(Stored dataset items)
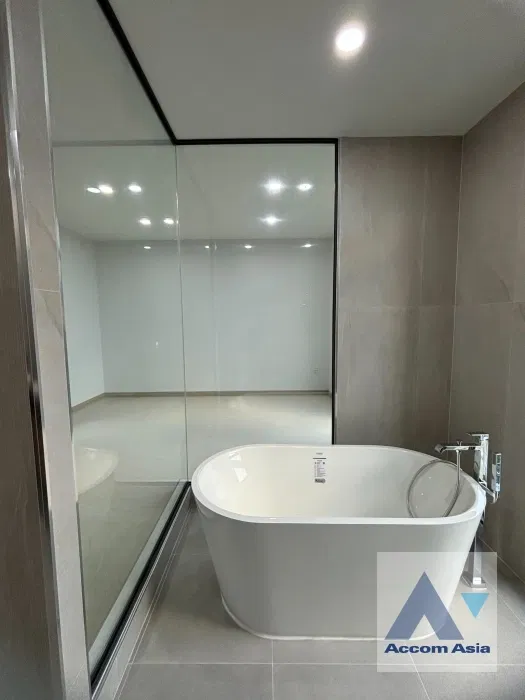 รูป 🔼🔽 AccomA 📩 Fully Furnished 3 BR House in Suan Luang (AA42433) - รูปที่ 12/15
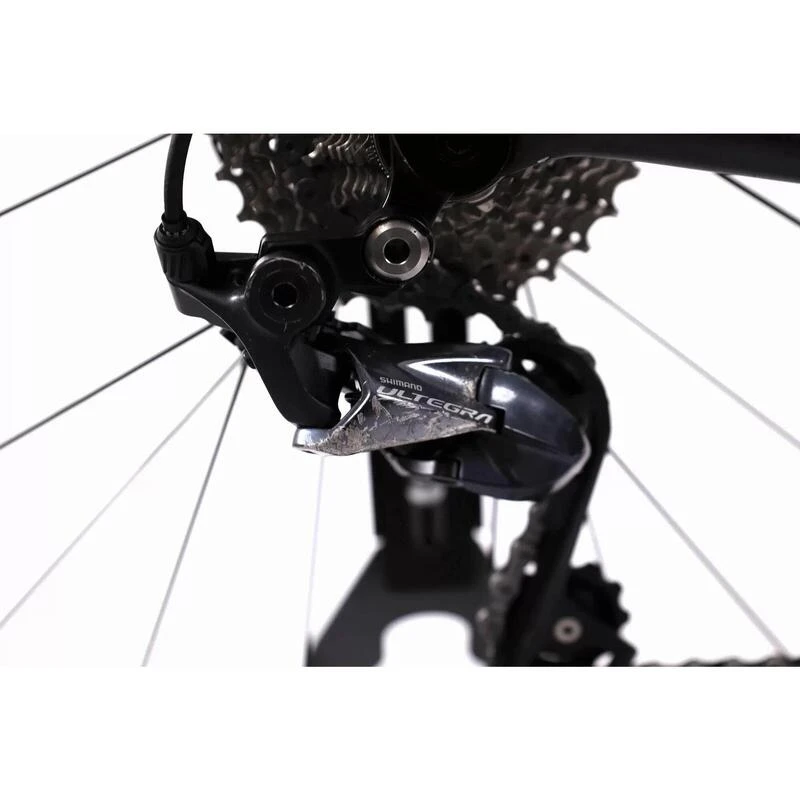 Reconditionné - Vélo De Route - Giant TCR Advanced 1 Pro- 2021 - TRES BON 6 Reconditionné - Vélo De Route - Giant TCR Advanced 1 Pro- 2021 - TRES BON – Image 6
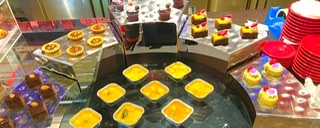 ANEKA STALL CANAPE 2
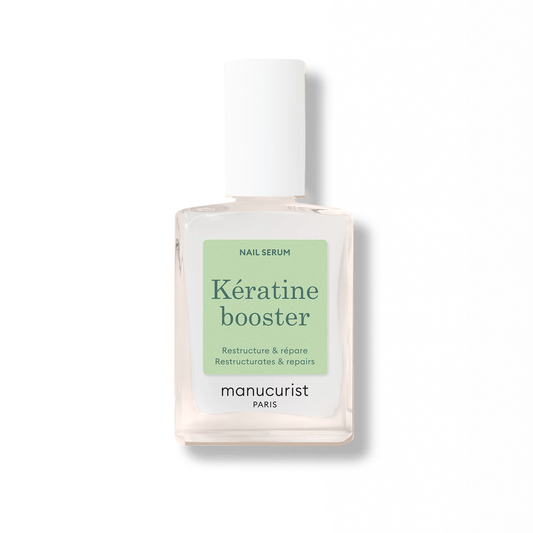 Manucurist • Kératine Booster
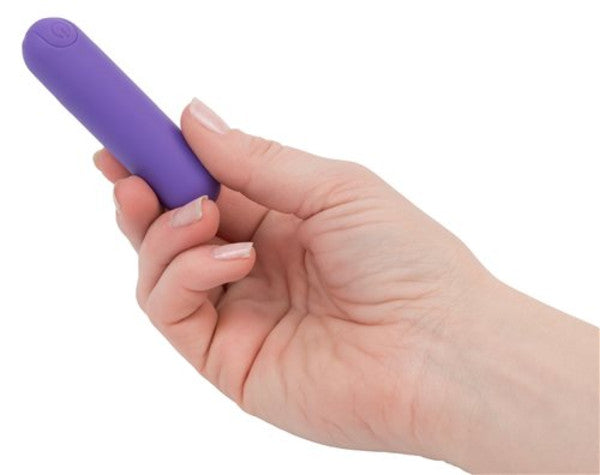 Essential Rechargeable Power Bullets Purple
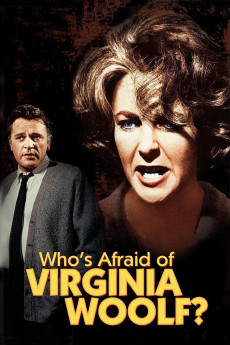 Who's Afraid of Virginia Woolf? (1966) download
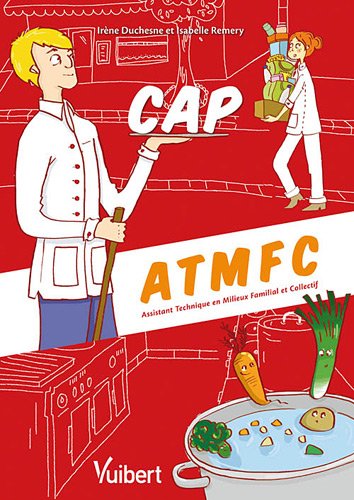 Cap Assistant technique milieux familial et collectif (atmfc) francais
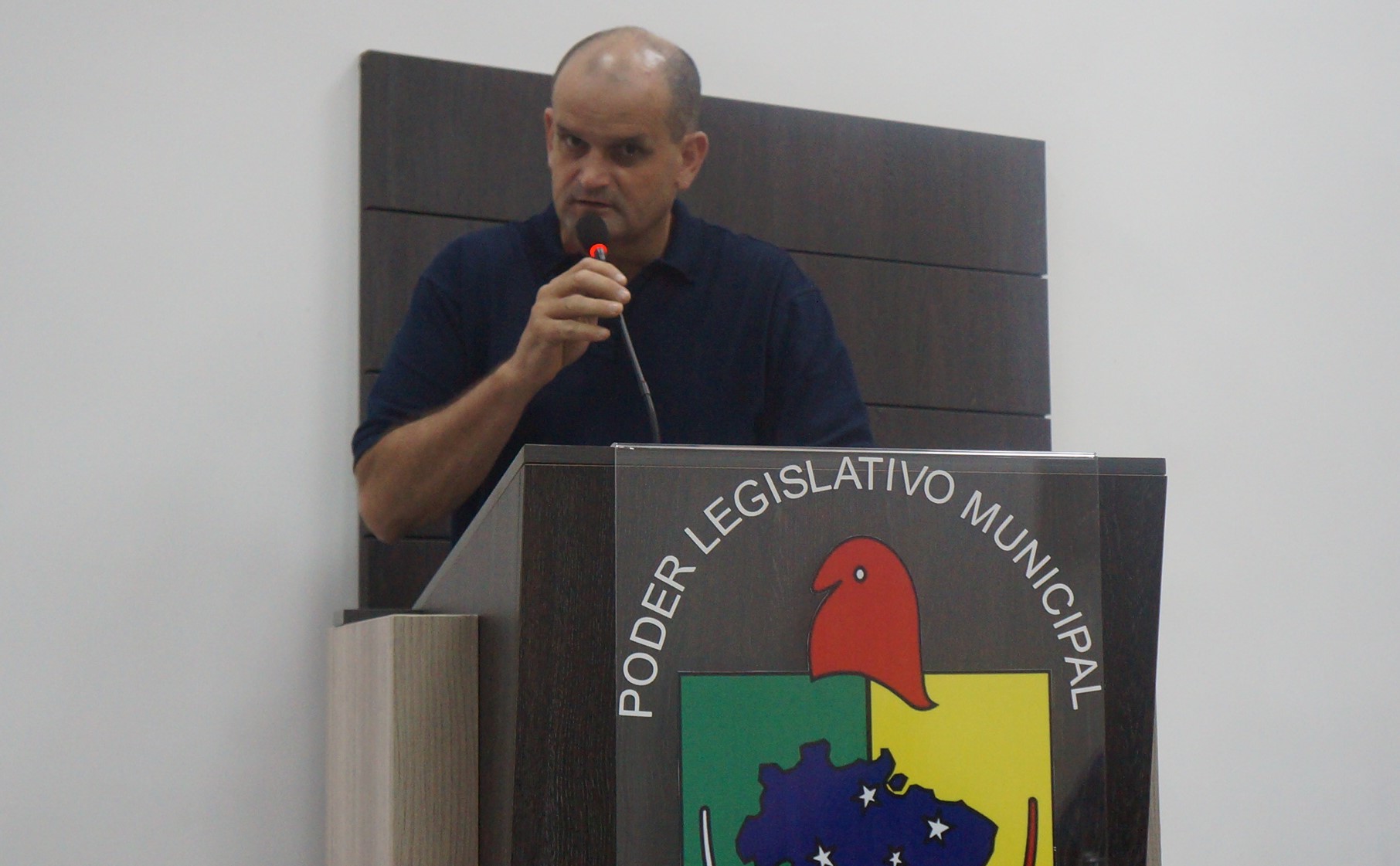 SESSÃO ORDINÁRIA DE 18/11/2019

- _Problem_
What you return must match, character for character, the lines above from the one with "BON – Image 6" through the one with "Essential Rechargeable Power Bullets Purple", minus any pictures.

- _Exercise output_
 Reconditionné - Vélo De Route - Giant TCR Advanced 1 Pro- 2021 - TRES BON 6 Reconditionné - Vélo De Route - Giant TCR Advanced 1 Pro- 2021 - TRES BON – Image 6
 ANEKA STALL CANAPE 2
 Manucurist • Kératine Booster
 Essential Rechargeable Power Bullets Purple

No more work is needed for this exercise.